Frankreich ermöglicht die Rückkehr von Minderjährigen Dschihadisten
Symbolfoto: Bild: mostafa meraji CC BY-SA 0.0 Pixabay

Der französische Außenminister Jean-Yves Le Drian hat die Rückkehr erwachsener Terroristen aus Syrien ausgeschlossen, aber die Möglichkeit eröffnet, die minderjährigen Dschihadisten nach Frankreich zu holen.
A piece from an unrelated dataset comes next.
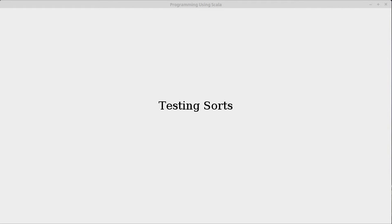In our previous videos, we wrote some sorting algorithms. We went through bubble sort, selection sort, insertion sort, and we tested them.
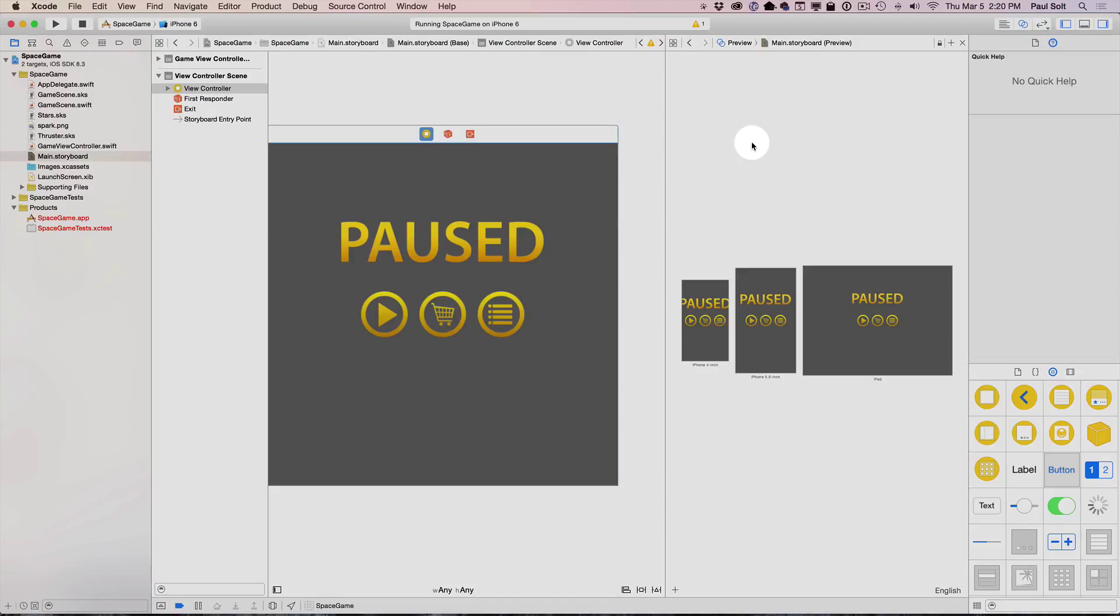So in the next video, we are going to learn how to quickly prototype your UI and make sure it's working. And we're going to go a little bit more in depth than we did today.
Minister Le Drian erklärte, er sei an der Rückführung von minderjährigen Dschihadisten aus Syrien interessiert, bekräftigte aber, dass Frankreich keinen erwachsenen Religionskrieger bei der Einreise nach Frankreich helfen werde. Nur Waisenkinder, die unbegleiteten Minderjährigen Dschihadisten und Kinder, deren Mutter es zulässt, würden in Frankreich willkommen geheißen.
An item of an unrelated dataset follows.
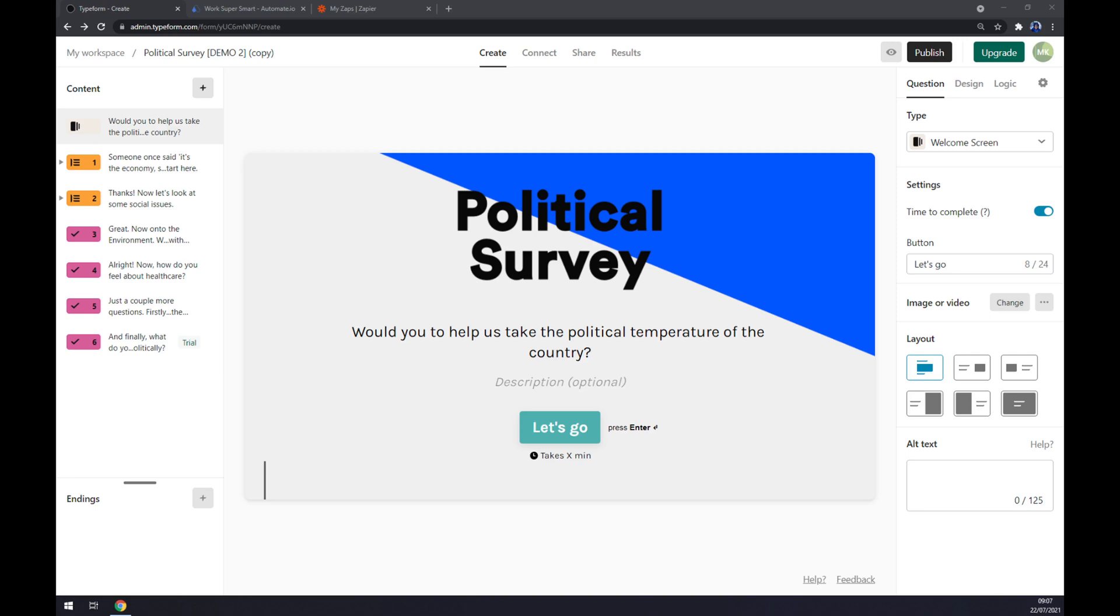Hello guys, my name is Matthew and in today's video I'm going to show you how you can integrate Typeform with Salesforce. First things first, we have to create ourselves an account at typeform.com or login to our existing account.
Laut einem Bericht des Senders CNews wurden bisher 35 minderjährige Dschihadisten aus Syrien nach Frankreich zurückgebracht, während schätzungsweise 200 Kinder zusammen mit 80 französischen Frauen in Lagern in Nordsyrien verbleiben, die von kurdischen Streitkräften geführt werden.

Die Ministerin für Staatsbürgerschaft, Marlène Schiappa, äußerte sich am Dienstag zur Situation in den Lagern: „Es bricht mir das Herz, an diese Kinder zu denken, aber es gibt auch eine Frage der Sicherheit in Frankreich, die berücksichtigt werden muss.“

Mehrere Nichtregierungsorganisationen (NGOs) haben Frankreich aufgefordert, mehr für die Rückführung von minderjährigen Dschihadisten zu tun, die im Nordosten Syriens festgehalten werden, wobei einige behaupten, dass Kinder als „menschliche Schutzschilde“ bei Kämpfen zwischen Mitgliedern des Islamischen Staates und kurdischen Streitkräften eingesetzt werden.

Adeline Hazan, Vizepräsidentin von Unicef-France, sprach über die Bedingungen im Al-Sinaa-Gefängnis, das kürzlich von Extremisten des Islamischen Staates angegriffen worden war und in dem angeblich 600 Kinder zwischen 12 und 18 Jahren untergebracht sind, mindestens ein Dutzend von denen gesagt wird, dass sie französisch sind.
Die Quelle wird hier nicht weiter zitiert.